When is a Cady Noland not a Cady Noland? A lot rides on this question — millions of dollars and now a lawsuit.
Contemporary art dealer Marc Jancou is suing both Sotheby’s and the reclusive artist after the auction house pulled a work he had consigned by the artist from a sale, apparently at her request. According to Jancou’s lawyer Paul J. Hanly, Jr., Noland told Sotheby’s there were problems with the work’s condition. Jancou is now suing Sotheby’s for $6 million in compensatory damages, and Noland for $20 million in punitive damages. The artwork, a silkscreen print on aluminum called "Cowboys Milking" (1990), was to be included in a contemporary day sale on November 11, 2011 and was estimated to sell for between $260,000 and $350,000. The lawsuit, filed in the Supreme Court of the State of New York, raises questions about what legal right artists have — if any — to disavow early works.
Jancou’s complaint doesn’t describe the exact circumstances of Noland’s intervention, beyond stating that she “tortiously interfered with the consignment agreement by persuading Sotheby’s to breach the agreement by refusing to put the work up for auction, despite there being no basis under the agreement to do so.” Noland is famously particular about her work, but in this case a lot was at stake. If the sale had gone through, Jancou may have stood to gain even more than the $350,000 high estimate: as Gallerist mentioned, another Noland artwork set an artist record at Sotheby’s the night before Jancou’s thwarted sale, selling for $6.6 million with premium over a high estimate of $3 million.
A statement from Sotheby’s describes the suit as "meritless." Hanley told ARTINFO that, as of Friday, neither the auction house nor Noland had filed papers in response to the suit.
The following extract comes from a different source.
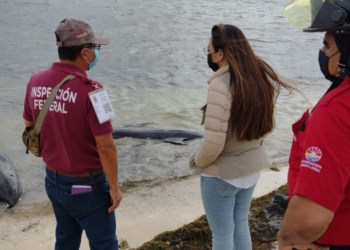 Investigan muerte de delfines que encontraron en Puerto Cancún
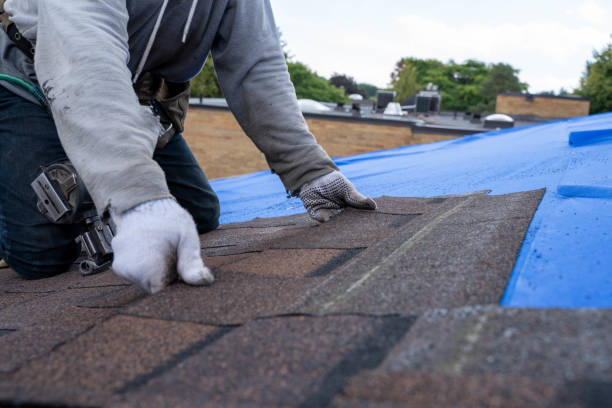 Professional Roofing services in Vienna, GA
Jancou himself declined to comment, but his lawyer noted that Noland’s alleged claim that the work was damaged or in poor condition stands in opposition to an independent conservation report made prior to the sale. Sotheby’s auction catalogue insulates the company from such claims, saying that it can withdraw any lot at will, but, Hanley asserts, "that was not a unilateral statement, and was not part of the consignment agreement my client signed."
The legal rights of artists over their works are murky and have been the subject of many recent battles. The Visual Artists Rights Act of 1990 states that "the artist shall have the right to prevent the use of his or her name as the author of the work of visual art in the event of a distortion, mutilation, or other modification of the work which would be prejudicial to his or her honor or reputation" — yet this statute has not stopped a variety of controversies about artist's rights to control their work.
In one notorious instance, landscape artist Chapman Kelley went to battle with the Chicago Parks Department, claiming that its alteration of a bed of flowers he had created infringed on his rights under VARA; a court finally decided that landscape art was not copyrightable, but left the question open in relation to other types of work. Similarly, the artist Christoph Buchel got into a very public dispute with MASS MoCA over his installation "Training Ground for Democracy," which related to the question of whether or not the institution could show his work in a form he didn't endorse. Finally, in what is perhaps the most relevant example, last year Phillips auction house got in trouble with Damien Hirst's company Science for selling individual works that were meant to be bundled together as a set. In that case, Phillips voluntarily decided not to sell the work.